Louis XIV was formed in 2003 from the remnants of another band, Convoy. Best friends and former band mates Jason Hill and Brian Karscig (both guitarists and vocalists) began looking around for a new project. They had recently written some new songs. One song was called “Louis XIV” and decided to give their new band the same name. The next step was to record the new material, so, together with drummer Mark Maigaard, Hill and Karscig flew to Paris and a friend’s home recording studio.
Sequestered in their friend’s apartment with a 60s-era 16-track tape recorder, the newly-formed band spent two weeks recording its new material. The sound was rough and ready, recorded in as few takes as possible and reminiscent of great 70s rock bands like T-Rex. Returning to San Diego, the band posted MP3s of the songs on its website. Soon, a local radio station began playing one of the tracks, “God Killed the Queen.” To the band’s surprise, demand for Louis XIV’s music quickly began to grow.
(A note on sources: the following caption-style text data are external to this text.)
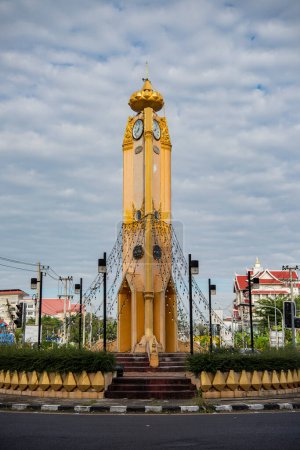 Téléchargez les photos : Tour de l'horloge dans le centre-ville d'Udon Ratchathani et Province Ubon Ratchathani en Thaïlande. Thaïlande, Ubon Ratchathani, 25 novembre 2023 - en image libre de droit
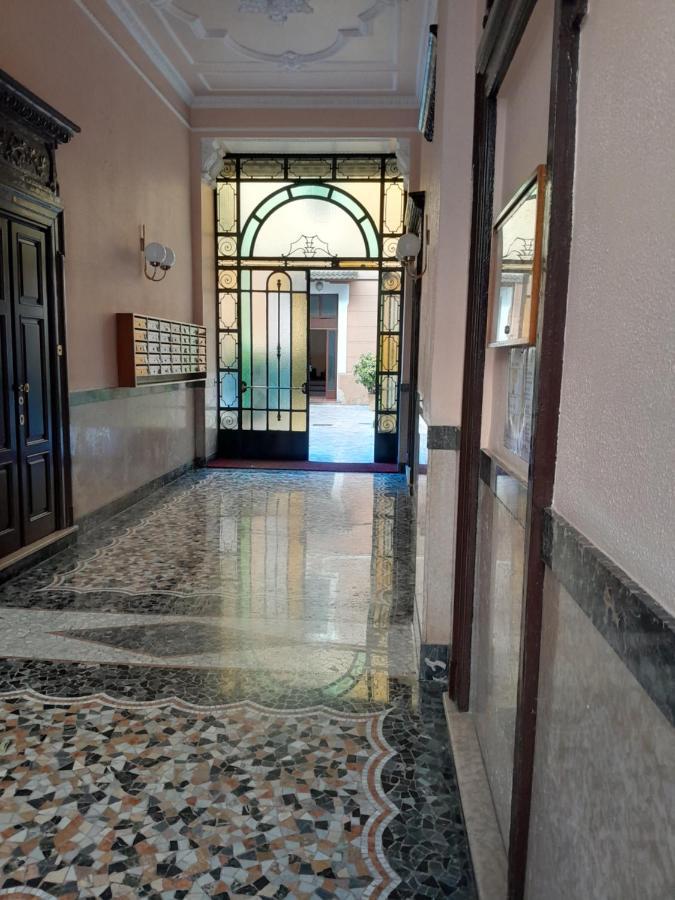 Appartamento Martina, Silenzioso A 100 Metri Dalla Metropolitana Milano Eksteriør billede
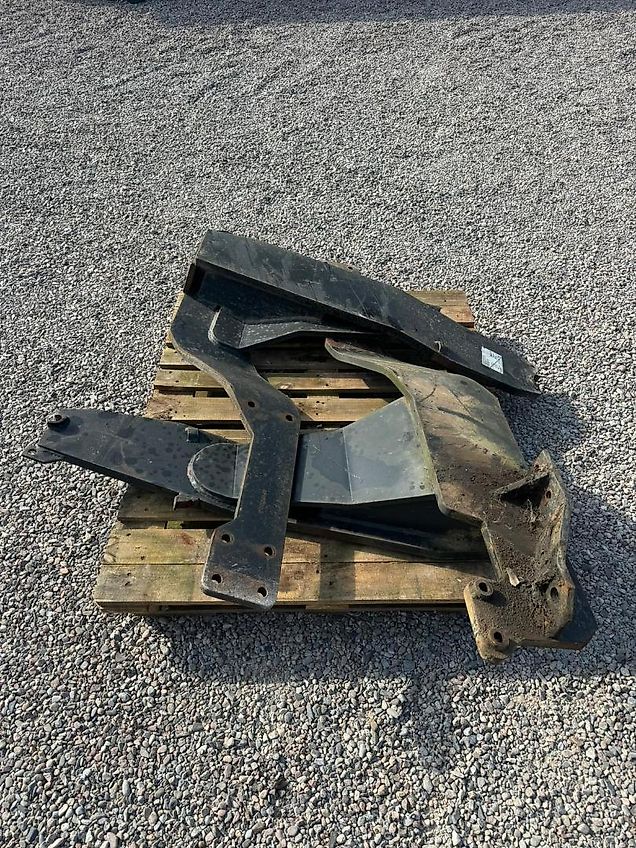 Massey Ferguson 6260 Frontladeranbaukonsolen von ALÖ/Quicke, BJ 1999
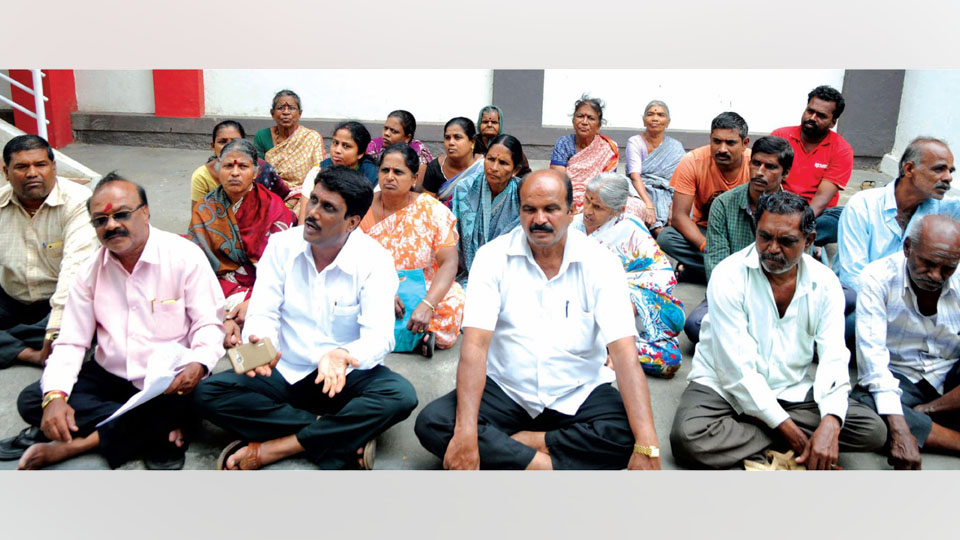 Adi Dravida Yuvakara Sangha demands distribution of houses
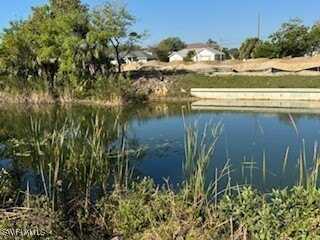 1812 NE 13th Place, Cape Coral, FL 33909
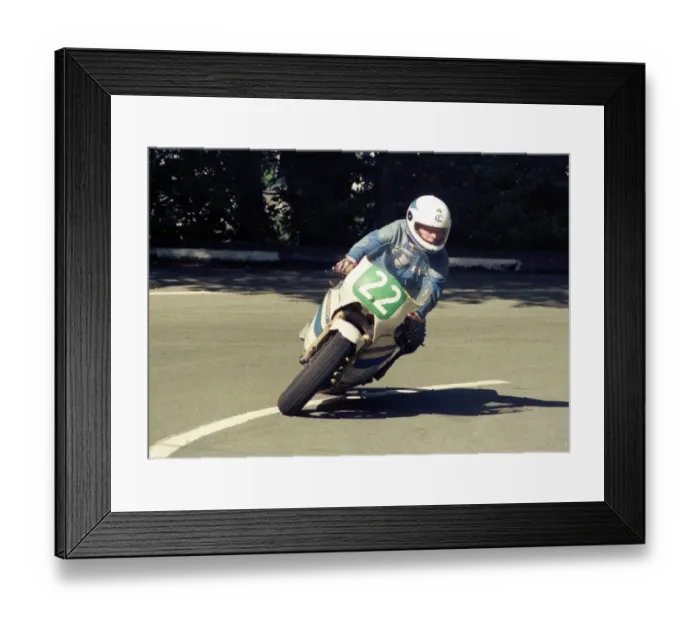 Framed Print : Kevin Newbery (Maxton) 1987 Lightweight Manx Grand Prix Framed Print : Kevin Newbery (Maxton) 1987 Lightweight Manx Grand Prix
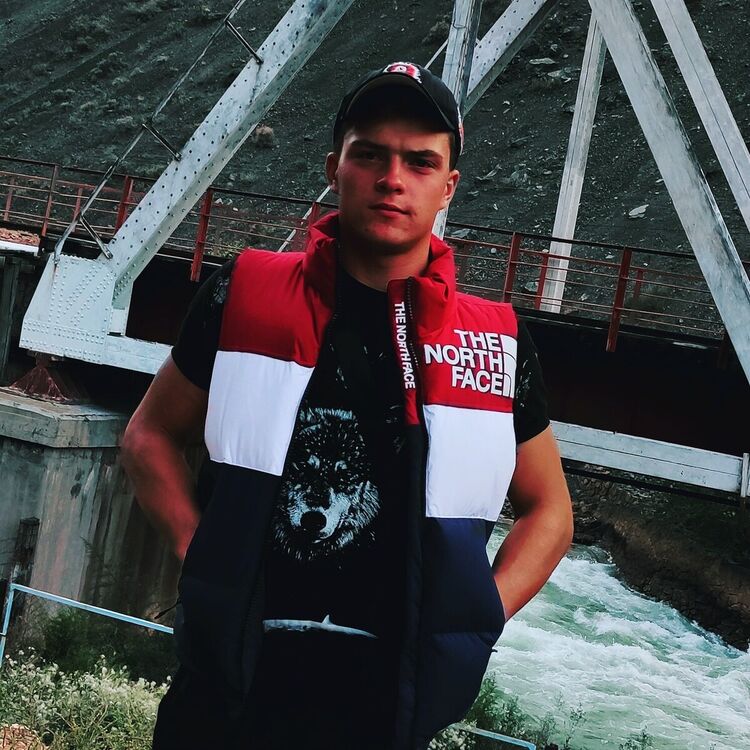  21228635  Oleg, 26 ,    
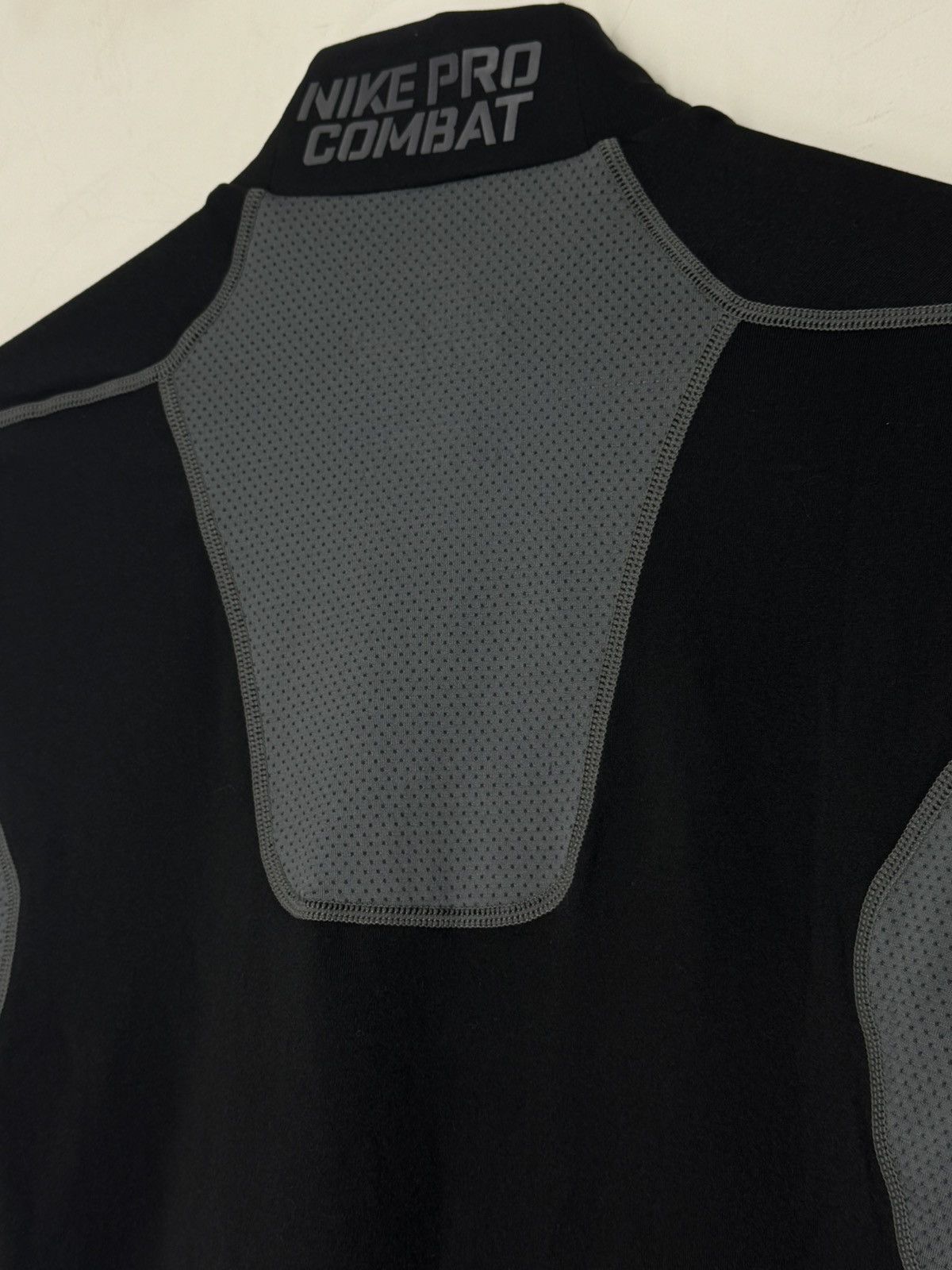 Nike Nike Pro Combat Long Sleeve Shirt Size US M / EU 48-50 / 2 - 9 Thumbnail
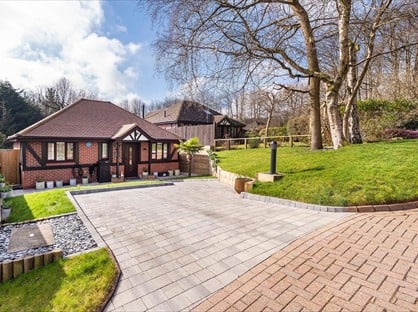 3 Bed Detached House, Oak Warren, TN13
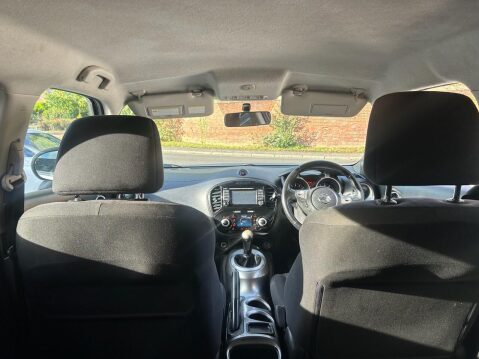 Nissan Juke 1.6 Acenta Premium SUV 5dr Petrol Manual Euro 5 (s/s) (117 ps) 8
The band at this point did not have a record deal, so they bought a CD burner and started their own label, the Pineapple Recording Group. They initially pressed 500 copies of their self-titled debut CD, and sold them all within a month. A copy of the album somehow made its way to the UK and BBC Radio 1. Soon, Louis XIV was enjoying national airplay in the UK. At the same time, the band’s fan base at home was growing steadily, and by the summer of 2004, they had sold over 10,000 CDs, including two newly recorded EPs.
A national tour with The Killers brought the band even more exposure, and in August 2004, Louis XIV signed to Atlantic Records. The band’s major label debut, “The Best Little Secrets Are Kept,” was released in March of this year and has earned Louis XIV praise and criticism in almost equal measure. One feminist critic wrote a vitriolic article about the band’s song lyrics, which she said were demeaning to women. Hill is adamant that this is not the case. “The article said that we hate women and that people had to stop this band now,” he said. “I thought that was the funniest thing because we wrote an album in adoration of women."
Negative press about raunchy lyrics seems to be doing the band’s popularity no harm, however. Sales of the album are booming and the fans are packing the concert venues. Louis XIV does indeed look like one of the names to watch in 2005. See what all the fuss is about for yourself this Thursday.